> _EXERCISE PROMPT_
The lines from the one holding "Tall wedding flower" through the end of the records below are to be written out exactly, and nothing else; pictures are to be left out.

> _RECORDS FOR PROCESSING_
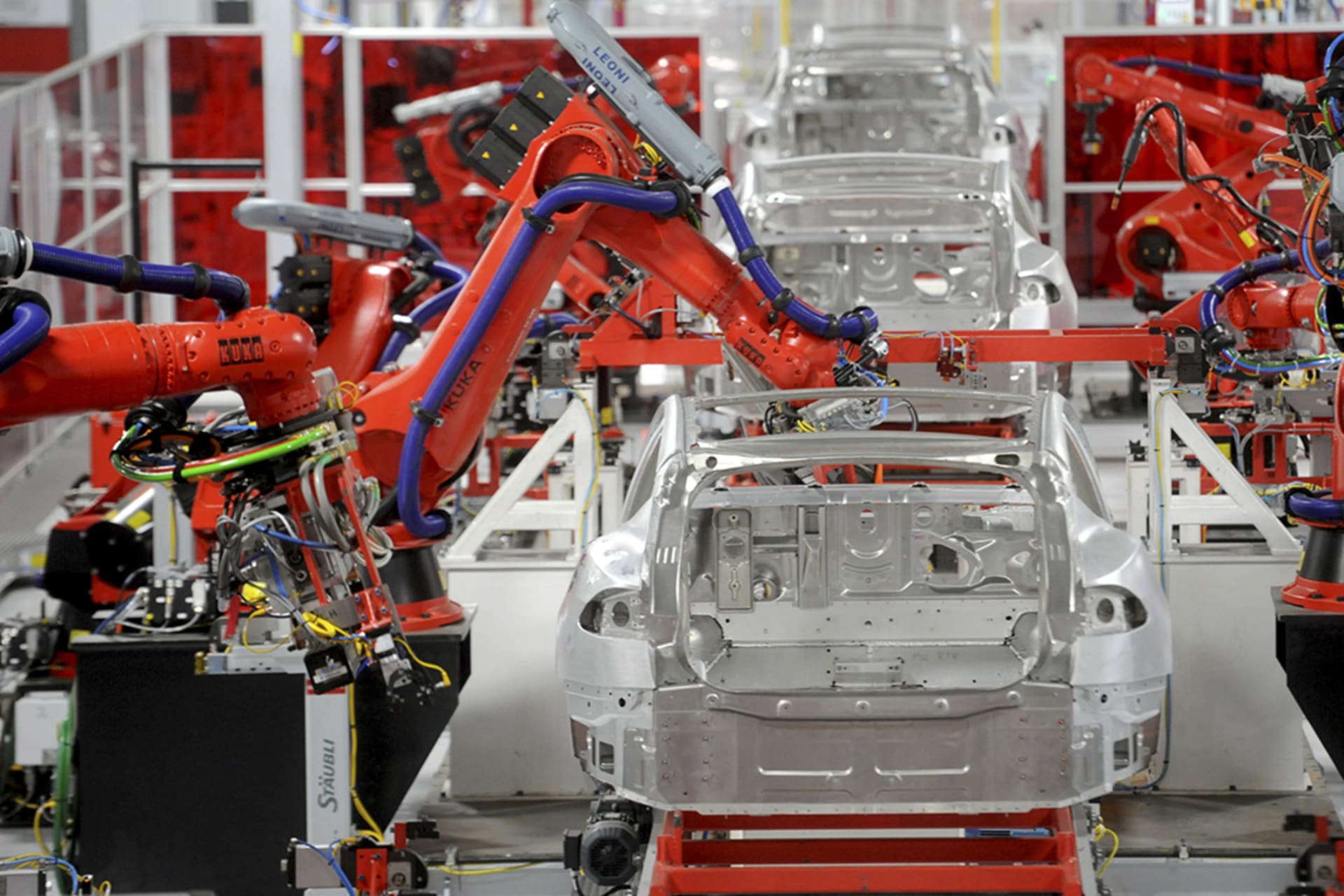 <p>Robotic arms assemble Tesla’s Model S sedans at the company’s factory in Fremont, California, on June 22, 2012. </p>
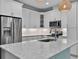A close up of an island with an undermount sink, stainless appliances, and granite counters at 867 Bama Breeze Dr, Daytona Beach, FL 32124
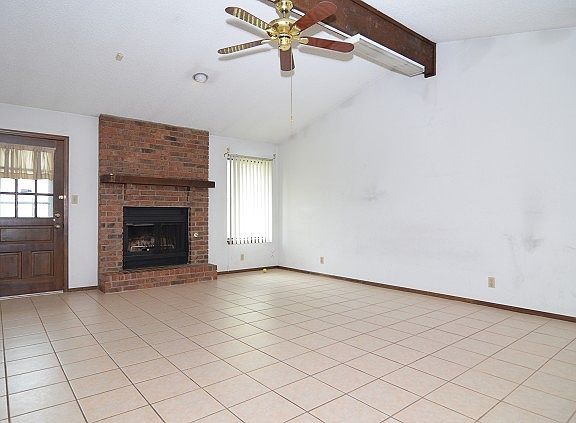 Open floor plan and vaulted ceiling
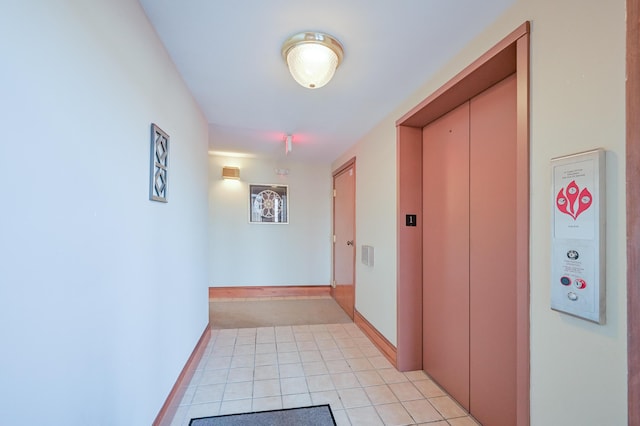 hallway featuring elevator, baseboards, and light tile patterned flooring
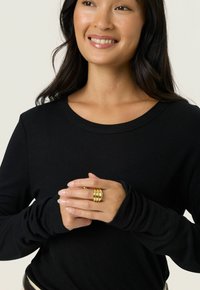 Fekete, hosszú ujjú póló kerek nyakkivágással. Puha, rugalmas anyag. A modellen arany, háromsávos gyűrű van, amely jól karbantartott kezeket mutat.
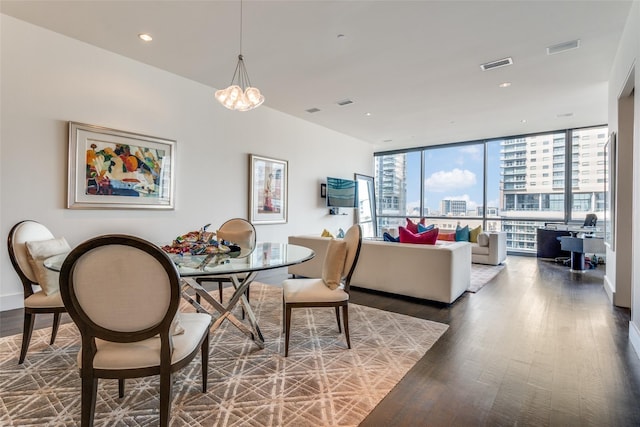 2200 Victory Ave Unit 701, Dallas, TX 75219 - dining room with wood finished floors, a chandelier, expansive windows, and recessed lighting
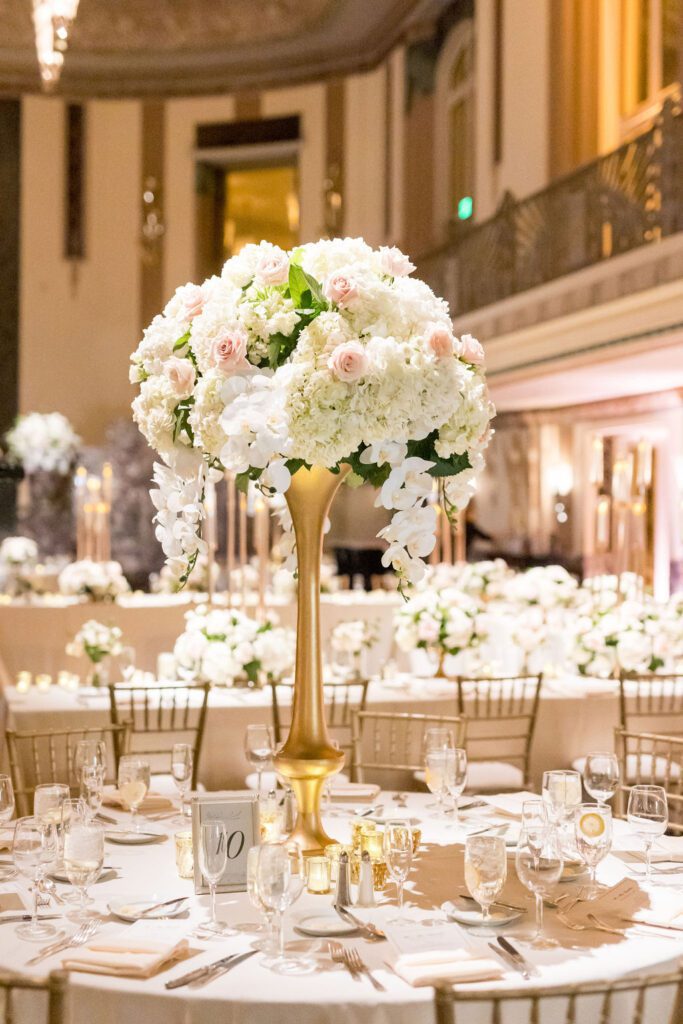 Tall wedding flower centerpiece on gold vase at the Hilton Netherland Plaza Cincinnati, Ohio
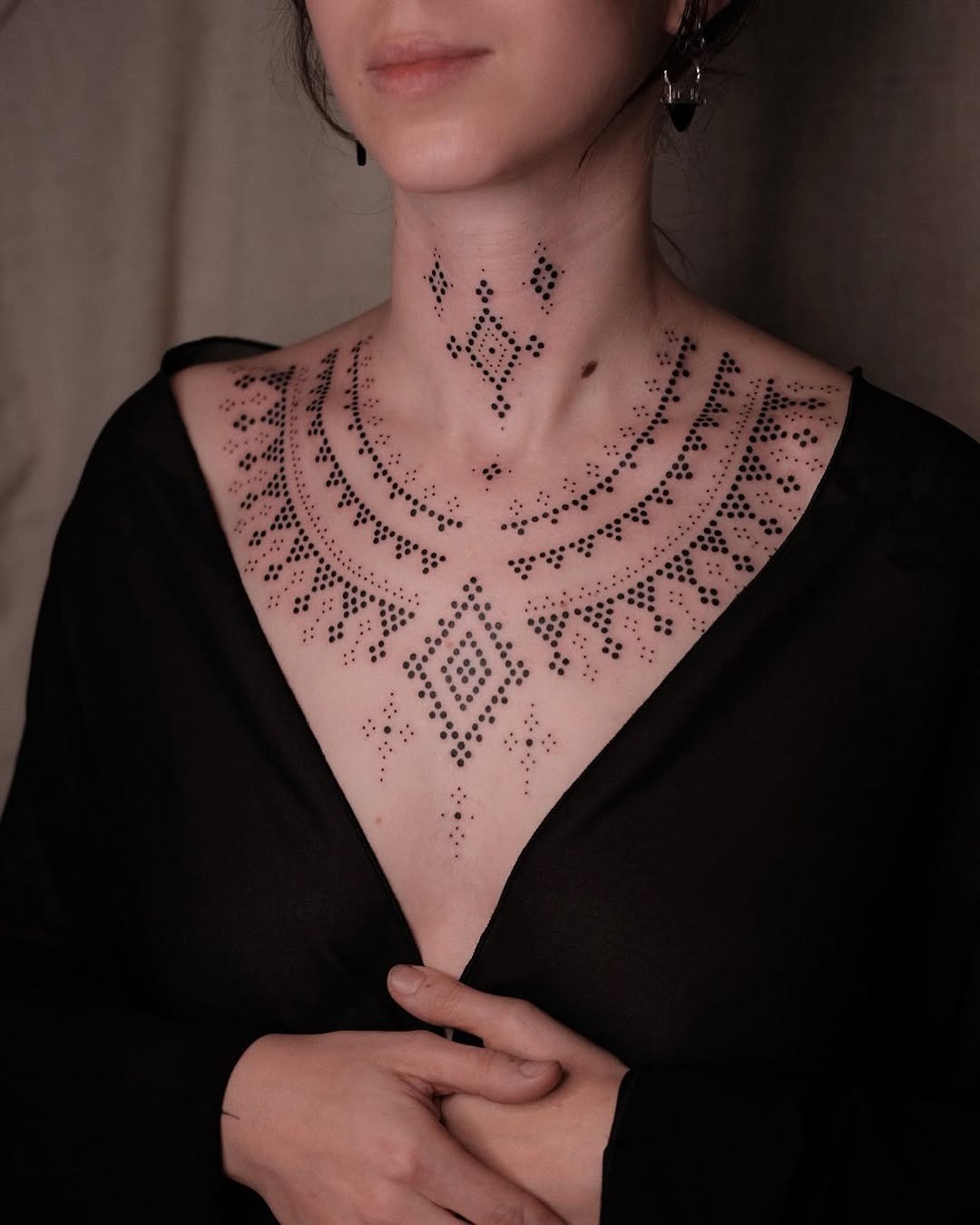 Intricate dotwork chest tattoo design Tattoo Design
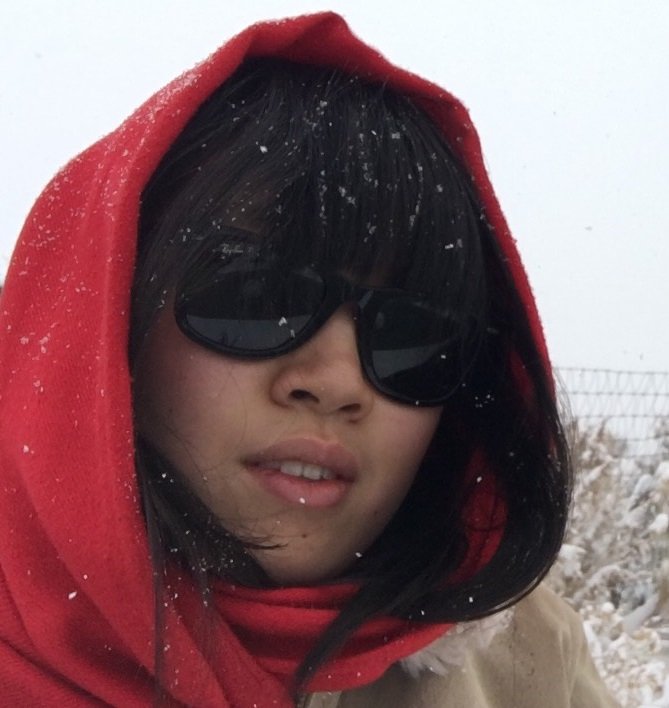 student wearing hoodie and sunglasses on a snowy day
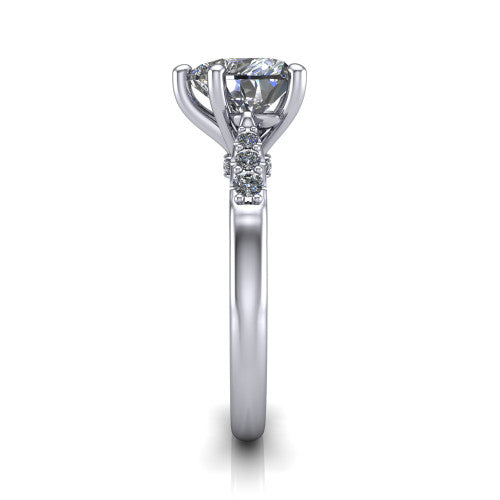 Jimena heart solitaire engagement ring in Platinum, side profile showing the pav&eacute; shoulders, filigree under-gallery, and tapered band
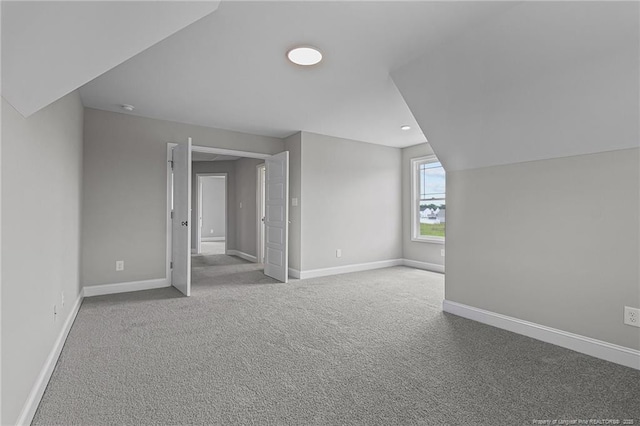 bonus room featuring light carpet and baseboards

> _SOLUTION FOR THIS TASK_
 Tall wedding flower centerpiece on gold vase at the Hilton Netherland Plaza Cincinnati, Ohio
 Intricate dotwork chest tattoo design Tattoo Design
 student wearing hoodie and sunglasses on a snowy day
 Jimena heart solitaire engagement ring in Platinum, side profile showing the pav&eacute; shoulders, filigree under-gallery, and tapered band
 bonus room featuring light carpet and baseboards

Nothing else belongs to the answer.